- **Work task**: Leaving the pictures aside, write out the whole listing below exactly.
(Data shown)
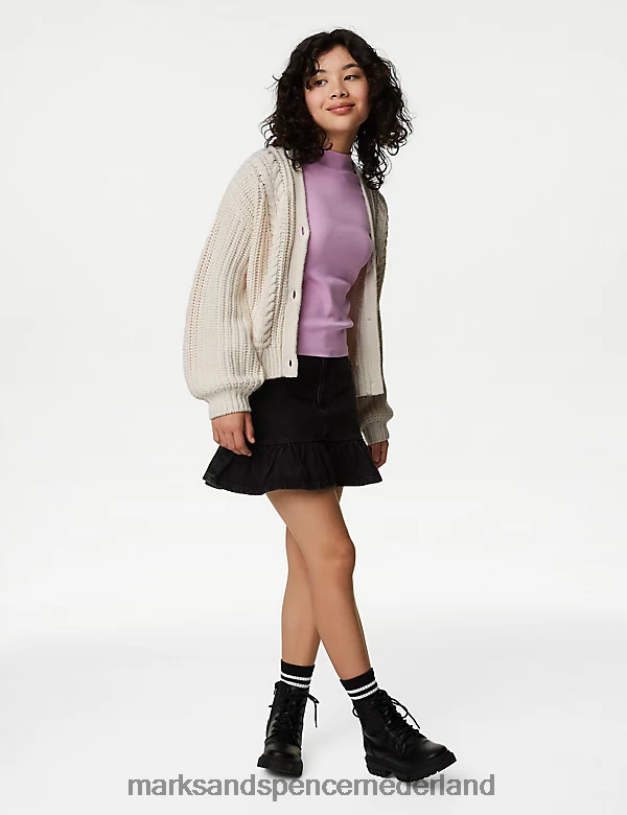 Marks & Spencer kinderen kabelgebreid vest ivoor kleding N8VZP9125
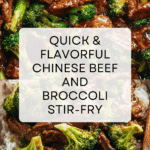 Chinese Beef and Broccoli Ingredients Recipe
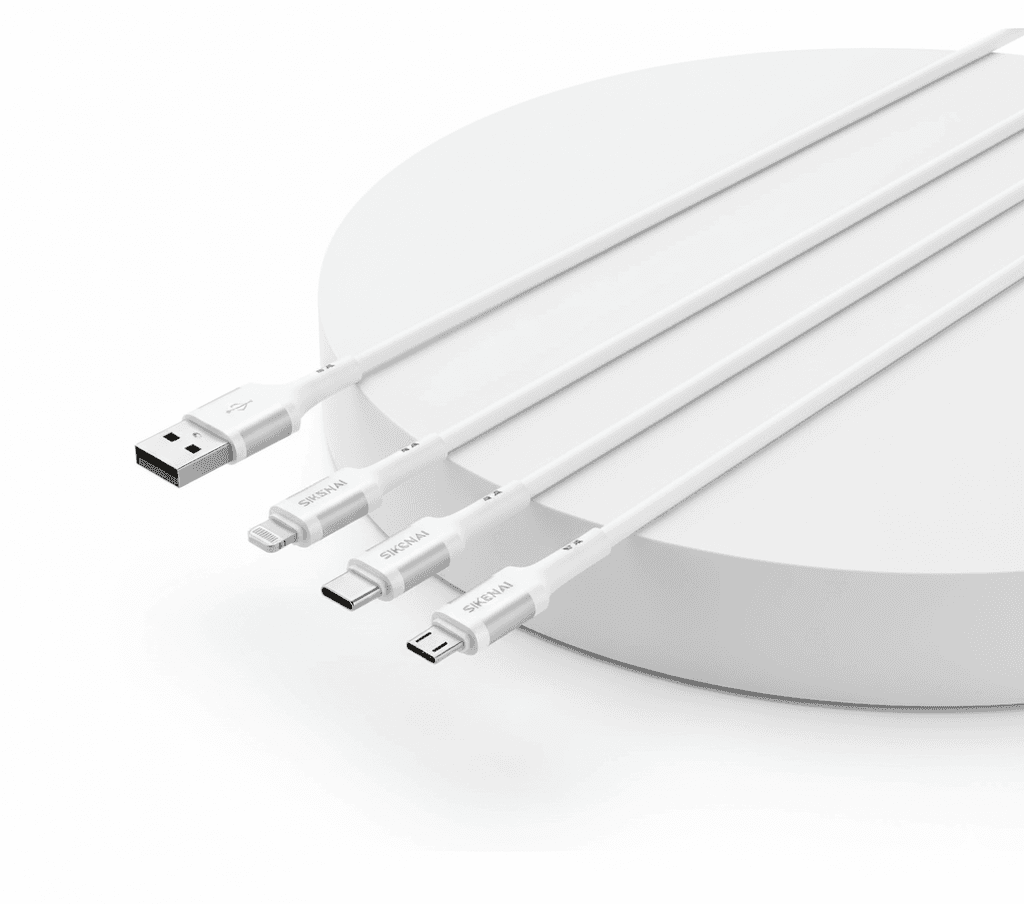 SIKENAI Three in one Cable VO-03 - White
(End Data shown)
- **Task result**:
 Marks & Spencer kinderen kabelgebreid vest ivoor kleding N8VZP9125
 Chinese Beef and Broccoli Ingredients Recipe
 SIKENAI Three in one Cable VO-03 - White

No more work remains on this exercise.